Age Group 'Less than 25':

Best Decision Threshold: Approximately 0.384.
Accuracy: About 59.82%.
P-Rule: Approximately 80.33%, indicating improved fairness compared to the unconstrained model.


Age Group '25 - 45':
Best Decision Threshold: Approximately 0.798.
Accuracy: About 57.97%.
P-Rule: Approximately 98.68%, indicating very high fairness.

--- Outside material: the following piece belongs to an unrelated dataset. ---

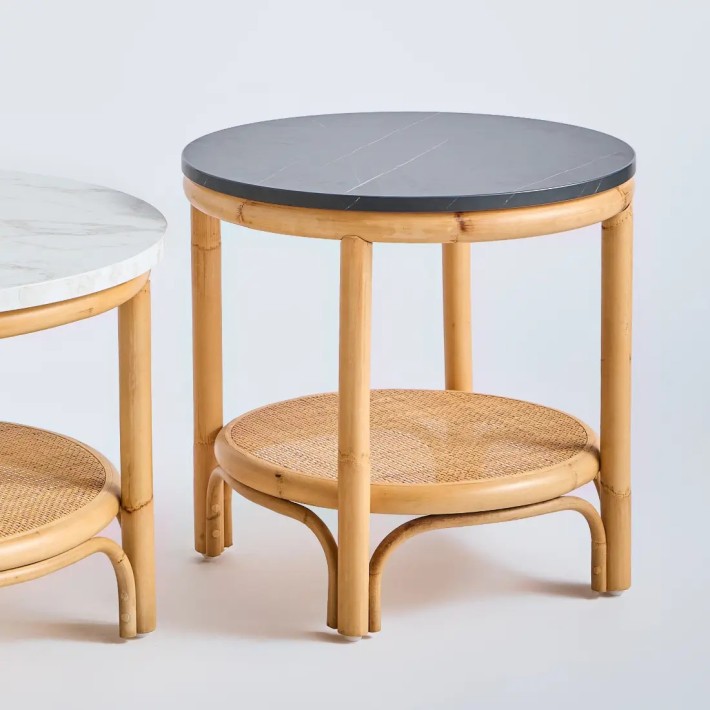 Détail petite table basse en rotin collection Riviera avec plateau stratifié effet marbre noir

Best Decision Threshold: Approximately 0.374.
Accuracy: About 59.40%.
P-Rule: Approximately 97.93%, also indicating very high fairness.
Covariance: Approximately 0.0022, indicating a minimal positive correlation.

These results demonstrate that with a gamma value of 0.15, the model achieves a better balance between fairness and accuracy across different age groups compared to the unconstrained model. The p-rule values are significantly higher, suggesting less bias, especially for the younger age group, which had the most significant bias in the unconstrained model.